__Record set__
---
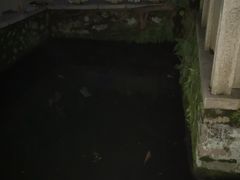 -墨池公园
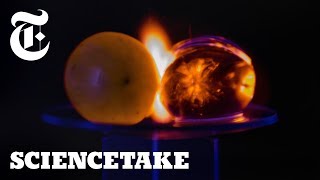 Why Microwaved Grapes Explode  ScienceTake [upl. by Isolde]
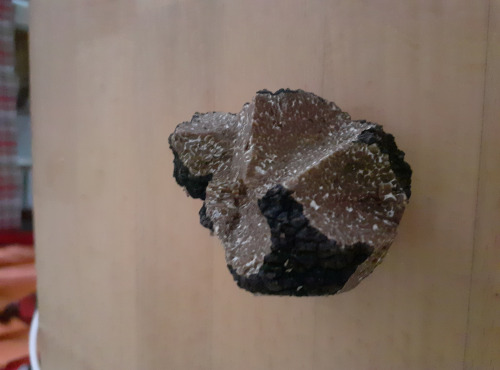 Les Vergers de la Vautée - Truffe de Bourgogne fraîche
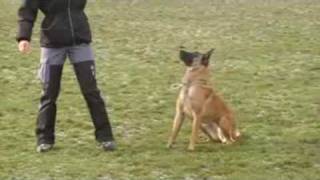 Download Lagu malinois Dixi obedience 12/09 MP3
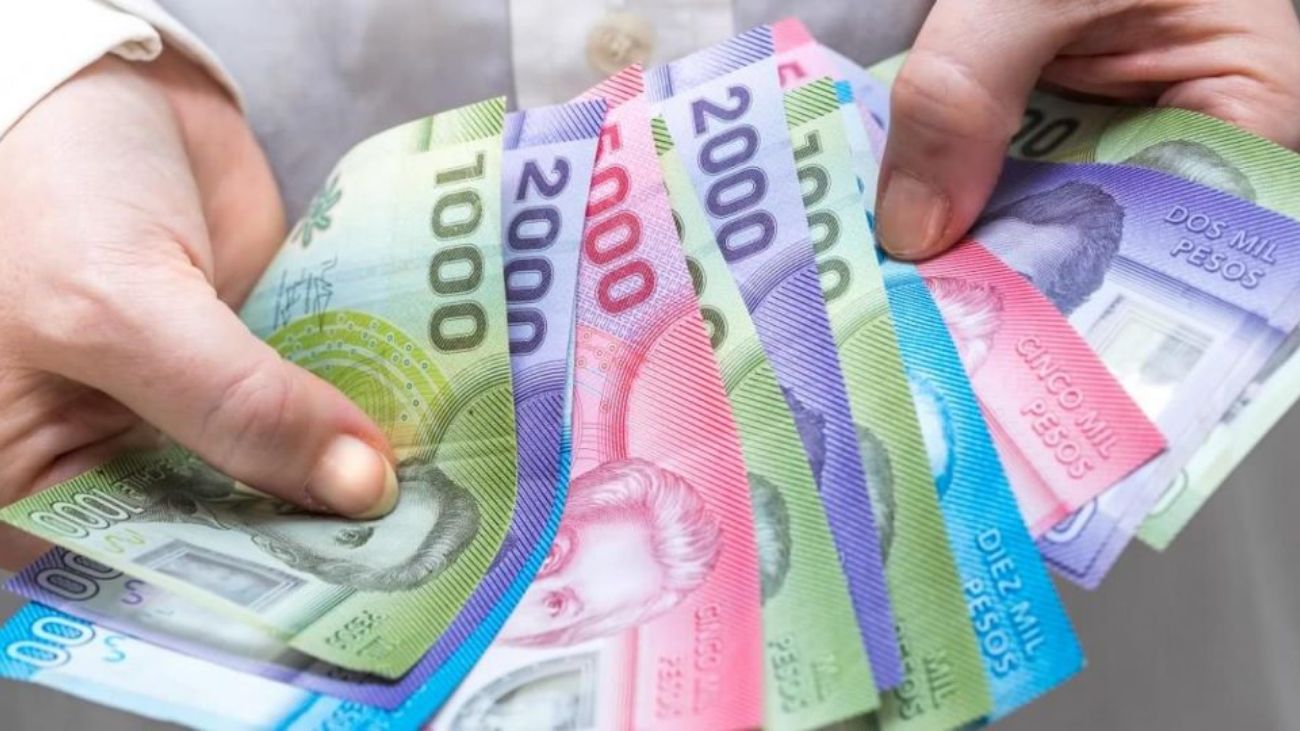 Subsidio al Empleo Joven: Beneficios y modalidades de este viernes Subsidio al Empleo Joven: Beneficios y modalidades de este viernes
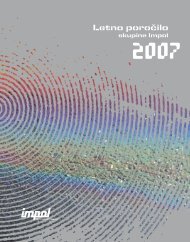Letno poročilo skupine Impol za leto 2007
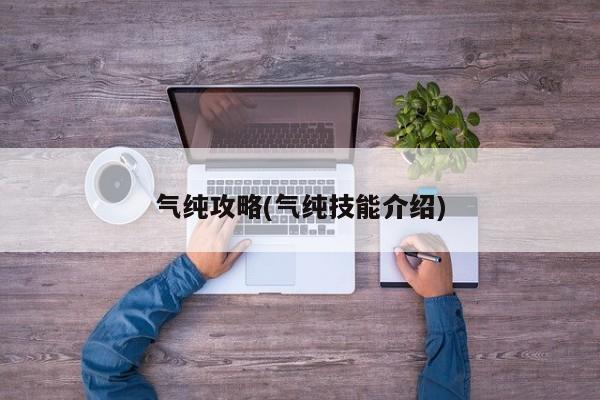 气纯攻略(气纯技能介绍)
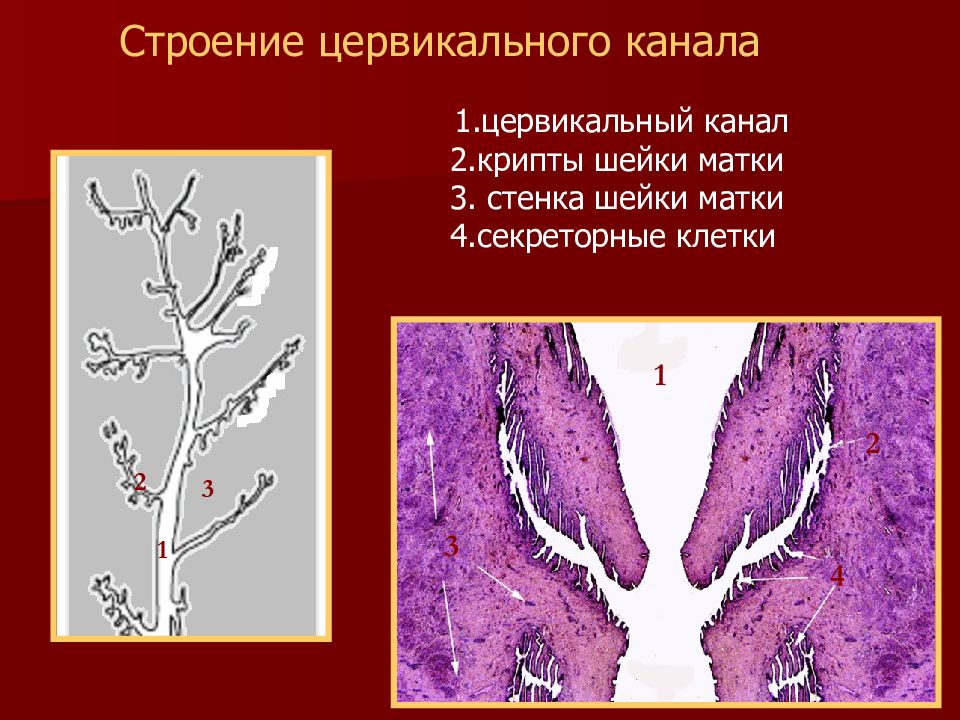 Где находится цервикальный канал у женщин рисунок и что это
---
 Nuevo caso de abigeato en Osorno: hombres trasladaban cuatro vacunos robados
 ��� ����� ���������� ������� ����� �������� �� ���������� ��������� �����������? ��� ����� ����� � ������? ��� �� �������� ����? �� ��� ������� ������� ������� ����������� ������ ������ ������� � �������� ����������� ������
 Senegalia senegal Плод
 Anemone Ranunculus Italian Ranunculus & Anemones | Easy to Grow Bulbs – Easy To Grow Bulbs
---
__What is needed__
Repeat exactly the lines above, from the line that contains "Why Microwaved Grapes" down through the line that contains "Где находится цервикальный". Include both of those lines and none of the pictures.

__Expected answer__
 Why Microwaved Grapes Explode  ScienceTake [upl. by Isolde]
 Les Vergers de la Vautée - Truffe de Bourgogne fraîche
 Download Lagu malinois Dixi obedience 12/09 MP3
 Subsidio al Empleo Joven: Beneficios y modalidades de este viernes Subsidio al Empleo Joven: Beneficios y modalidades de este viernes
Letno poročilo skupine Impol za leto 2007
 气纯攻略(气纯技能介绍)
 Где находится цервикальный канал у женщин рисунок и что это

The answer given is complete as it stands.